Comme tout ce que l’on fournit, l’AMX-10 RC n’est également disponible qu’à peu d’exemplaires. Au début de 2021, il y avait 250 AMX-10 RC dans l’ordre de bataille théorique français (mais combien de réellement opérationnels ?) et a commencé depuis cette époque à être remplacé par l’EBRC (Engin blindé de reconnaissance et de combat) Jaguar à raison de 3 par mois environ. À moins de prendre dans l’ordre de bataille, et même ainsi, on pourra difficilement engager plus de quelques dizaines d’unités. On pourra par la suite fournir les AMX-10 RC au fur et à mesure des livraisons des Jaguar, mais il y a intérêt à accélérer la production de ces derniers.

En résumé, la France va envoyer de quoi équiper dans les semaines qui viennent un bataillon des brigades de reconnaissance ou peut-être des brigades de chars ukrainiennes d’un bon engin plutôt rustique, endurant et mobile dont ils sauront sans doute faire un excellent usage, mais qui ne va pas changer le cours de la guerre. Au passage, on communique beaucoup moins sur la livraison des Bastion APC de la société Renault Trucks, un excellent véhicule léger de transport de troupes blindé, un besoin au moins aussi important pour les Ukrainiens que les chars de bataille alors qu’ils subissent de lourdes pertes en étant obligés d’utiliser des pick-up non protégés. Là encore, on n’évoque cependant que quelques dizaines d’unités. La France fait de l’artisanat.

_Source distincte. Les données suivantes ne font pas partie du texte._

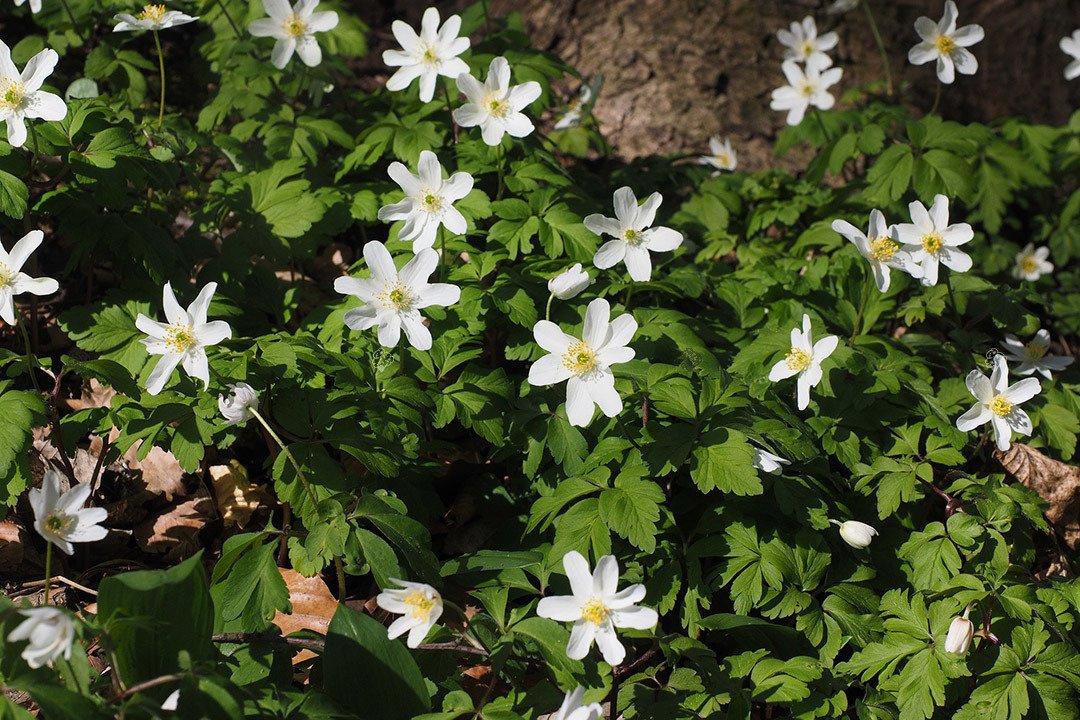 Zawilec wielkokwiatowy Anemone sylvestris P9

Le plus important est sans doute ailleurs. Pour une fois, la France apparaît en pointe dans un domaine dans ce conflit, même si c’est un peu exagéré, et espère y jouer un rôle moteur. On verra si c’est suivi d’effets. Si l’Allemagne décidait d’engager des Léopards 2 A4 en Ukraine ou si les États-Unis y déployaient des Abrams M1 ou M2, on pourra se féliciter d’avoir initié le mouvement à peu de frais. Le problème est qu’il sera difficile d’expliquer pourquoi on n’engage pas non plus de chars Leclerc.